Yeşim Pınar Kitapçı, içinde bulunduğumuz dönüşüm sürecinde CEO’ların rolünün daha da önemli olacağını söylüyor ve ekliyor: Tepe yöneticiler içinde bulunduğumuz dönüşümün tüm aşamalarında şirketlere liderlik yapmalı. Bütünsel bir yaklaşımla başarıya ulaşılabileceğine inanıyorum, bu da CEO’ların rolünü artırıyor. Her konuda karar alan, direktif veren, her şeyi önceden gören bir liderlik değil, takımıyla birlikte öğrenen, gelişim/öğrenme kanallarını herkes için açık tutan, yenilikler denemek için teşvik eden, yatırımla destekleyen bir liderlik gerekli. Dönüşüm çok hızlı, bu hıza adapte olmak ve önünde gitmek için tepe yönetime yönelik beklentilerin gerçekçi olduğunu düşünüyorum.

Gelişen düşünce yapıları

Yenilik ve değişimi sağlamak için, CEO’lar, şirketlerine tamamen yeni bir yön vermeye hazırlıklı olmalılar. Bunun için, CEO’ların, geleneksel varsayımları ve öğretileri sorgulamaya, yani ilerlemeye engel olan statükoyu sorgulamaya hazır oldukları bir liderlik zihniyetine sahip olmaları gerekiyor. 
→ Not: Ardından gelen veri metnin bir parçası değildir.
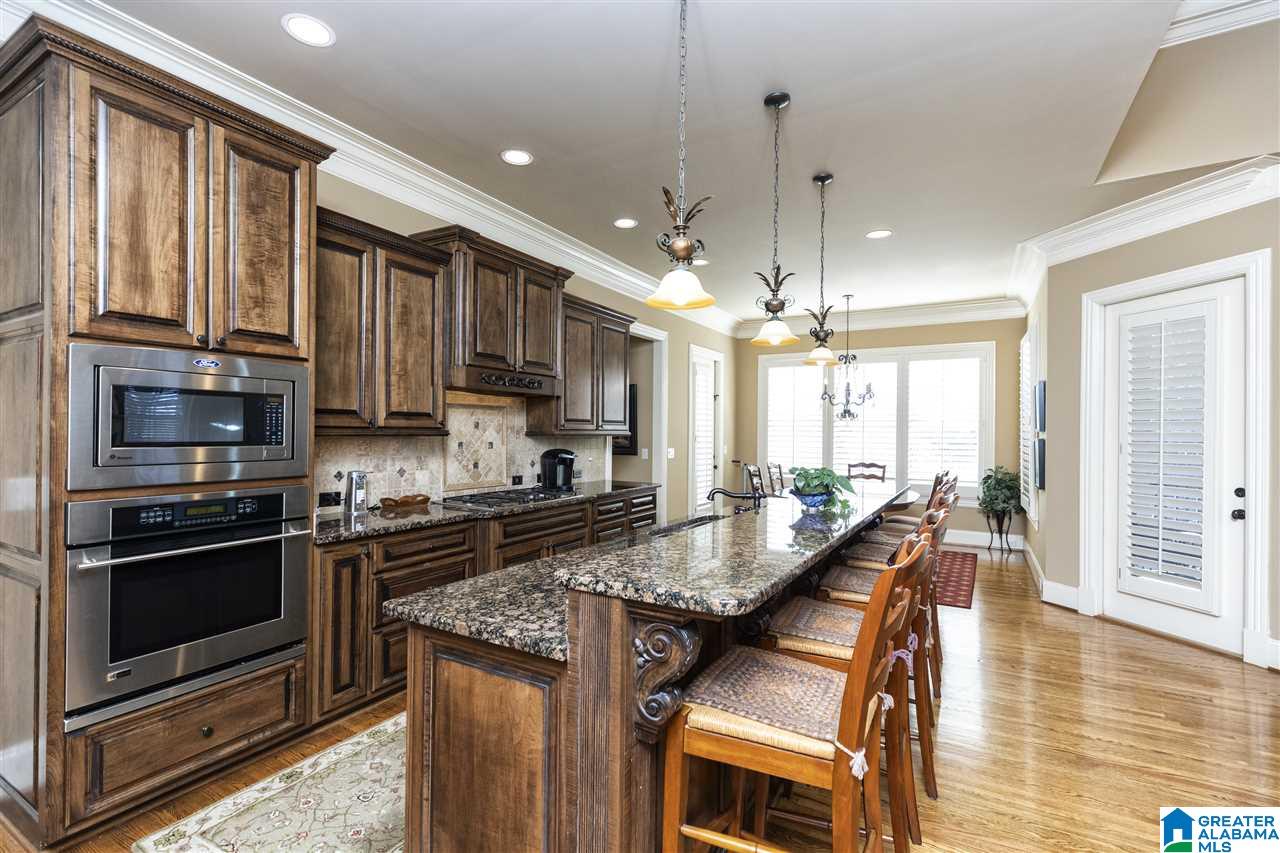 4036 Butler Springs Place Hoover, AL 35226 - Photo 9 of 36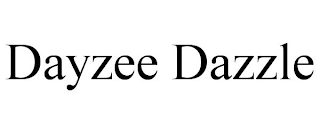 DAYZEE DAZZLE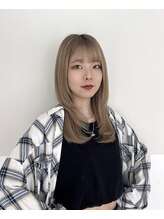 ブロッサム 保谷(Blossom) 宮原 佳苗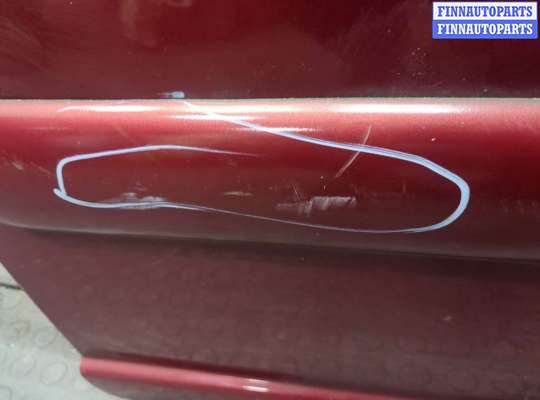 Стекло боковое двери на Peugeot Partner I Origin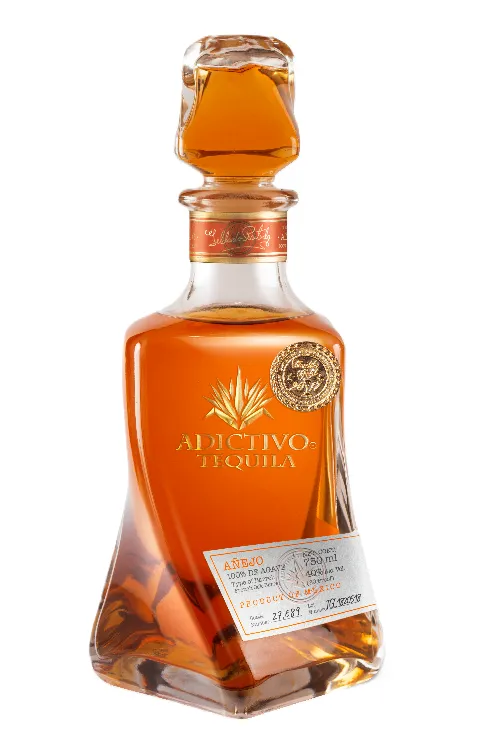 ADICTIVO ANEJO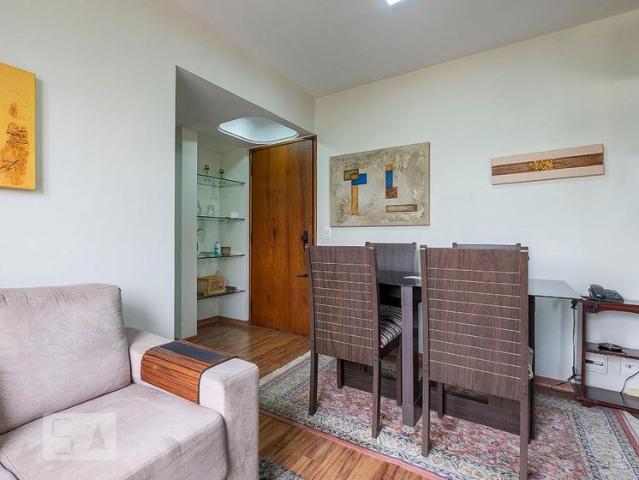 Apto, Jardim Paulista, 2 Quartos, 44 m2 São Paulo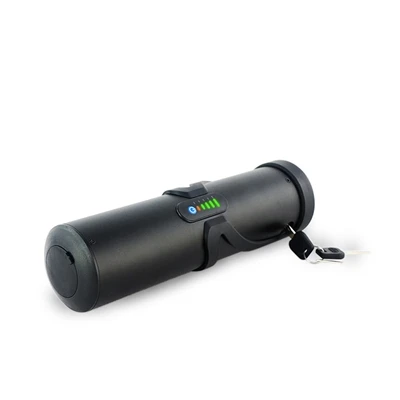 Guide til elcykelbatteri: Sådan vælger og vedligeholder du det bedste batteri...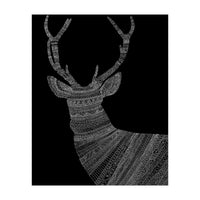 Stag 3 (Print Only)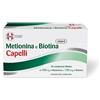 A&D SpA Gruppo Alimentare Diet matt divisione pharma metionina e biotina retard capelli 30 compresse
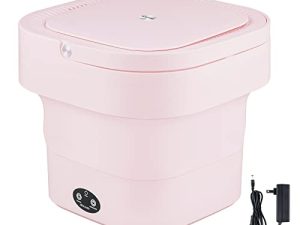Portable Washing Machine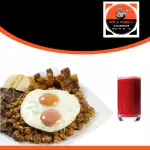COMBO # 6 CALENTADO PAISA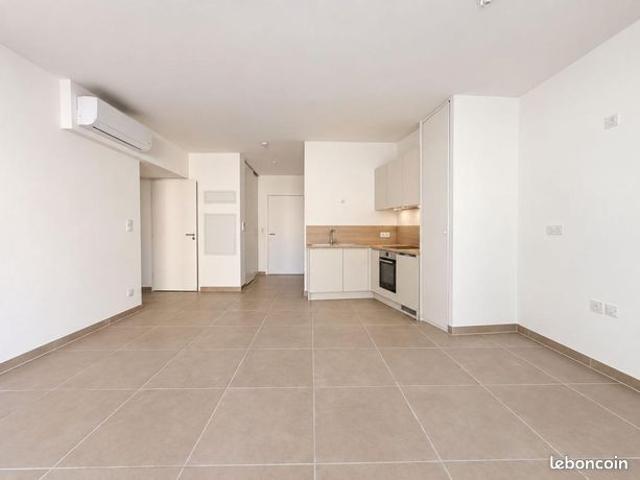 Appartement vente à Marguerittes, Gard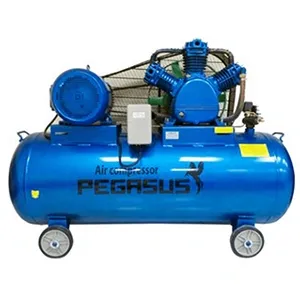 Máy nén khí Aramco W-0.36/8 (4HP, 200 lít)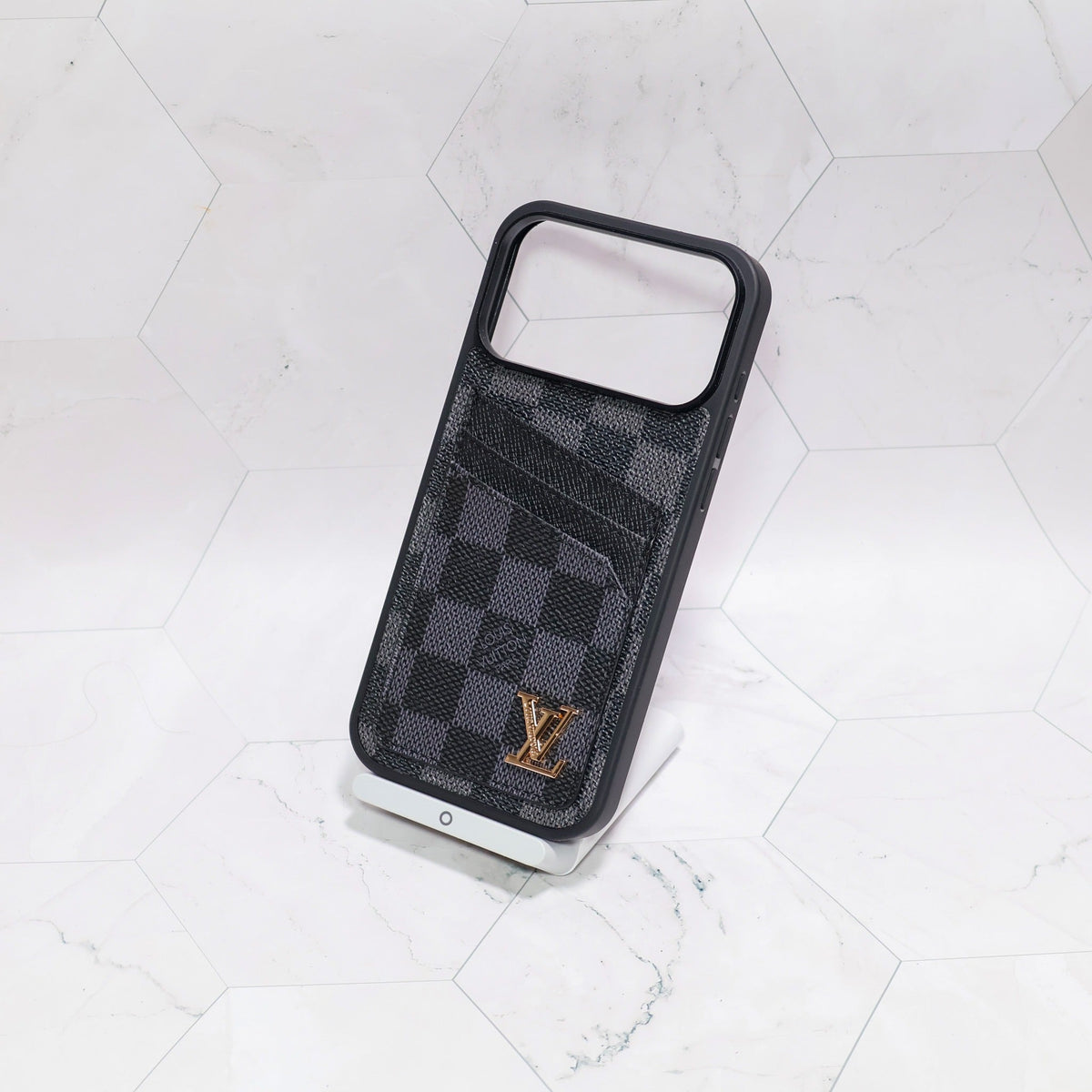 iPhone Card Holder Case for 14-18 / Pro / Pro Max / Plus / Air
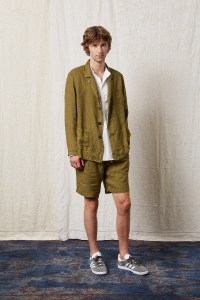 Massimo Alba Men's Spring 2023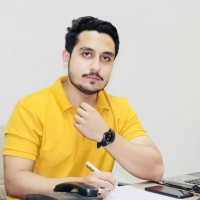 Agha Noman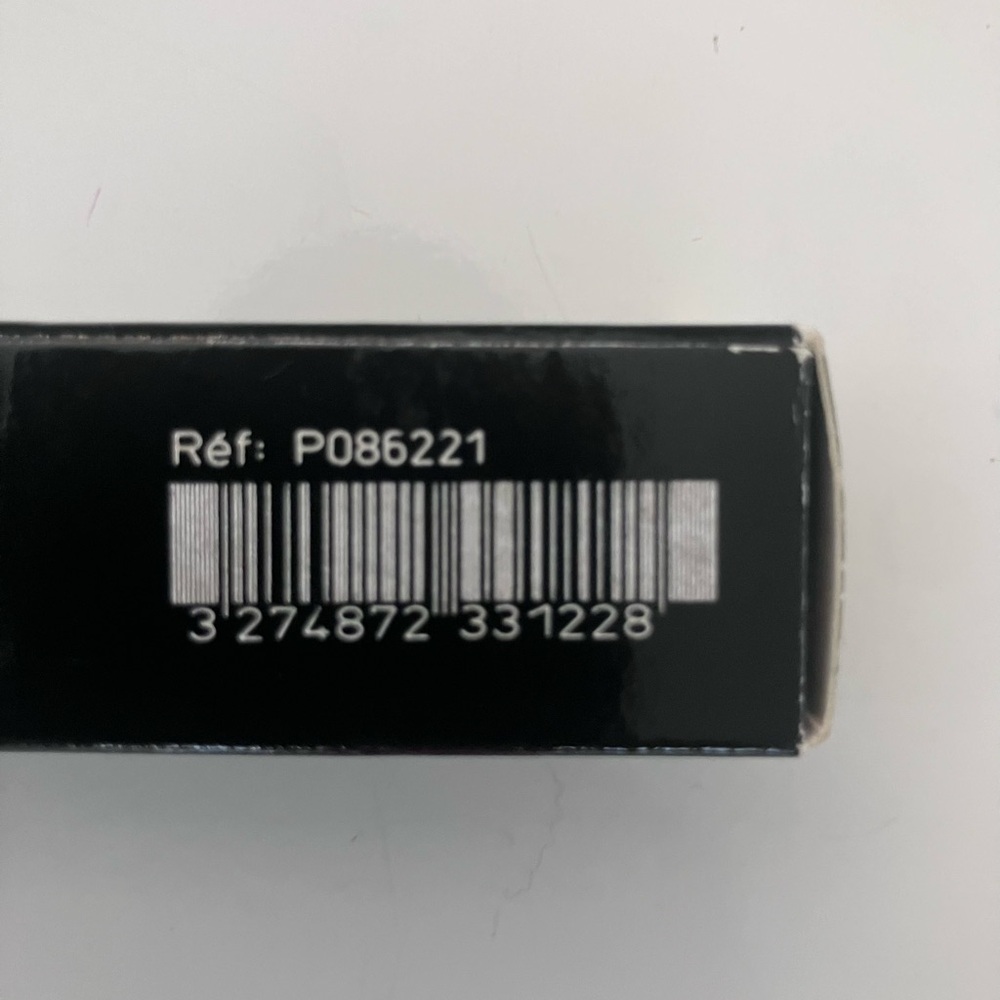 Givenchy Rouge Interdit, Satin Lipstick in 21 Rose Neon - Picture 7 of 8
Öncelikle, şirket yöneticileri, müşterileriyle yakın ilişki içinde olmalı, onlarla diyaloğu sürdürmeli ve değişen değer ve ihtiyaçlarını anlamalıdır. Örneğin; CEO’lar, müşterilerin şirket yöneticilerinin toplumsal konulardaki duruşunu bilmek istediklerinin farkında. Küresel CEO’ların yüzde 71’i ve Türkiye’deki CEO’ların yüzde 56’sı, şirketlerinin çevre, sosyal sorumluluk ve yönetişim politikalarının, müşterilerinin değerlerini yansıtmasını sağlamanın kişisel sorumlulukları olduğunu düşündüklerini belirtiyor. Küreselde yüzde 55 ve Türkiye’de yüzde 36 ise, “Şirket olarak uzun vadeli ve sürdürülebilir bir başarı elde etmek istiyorsak, salt finansal büyümeden fazlasını hedeflemeliyiz.” diyor.

İkinci olarak CEO’ların, müşterilerin talep ve ihtiyaçlarına dair verilere dayalı öngörüler ile kendi uzmanlık ve sezgileri arasında bir denge kurmaları gerekiyor. Küresel CEO’ların yüzde 71’inin ve Türk CEO’ların yüzde 76’sı kendi tecrübe veya sezgileriyle çeliştiği için verilere dayalı öngörüleri dikkate almadıklarını belirttiklerini gözlemledik. Gitgide daha sofistike hale gelen analitik çalışmalardan faydalanabilmek için CEO’lar, önlerine gelen bulgulara güvenip güvenemeyeceklerinden emin olmalılar. 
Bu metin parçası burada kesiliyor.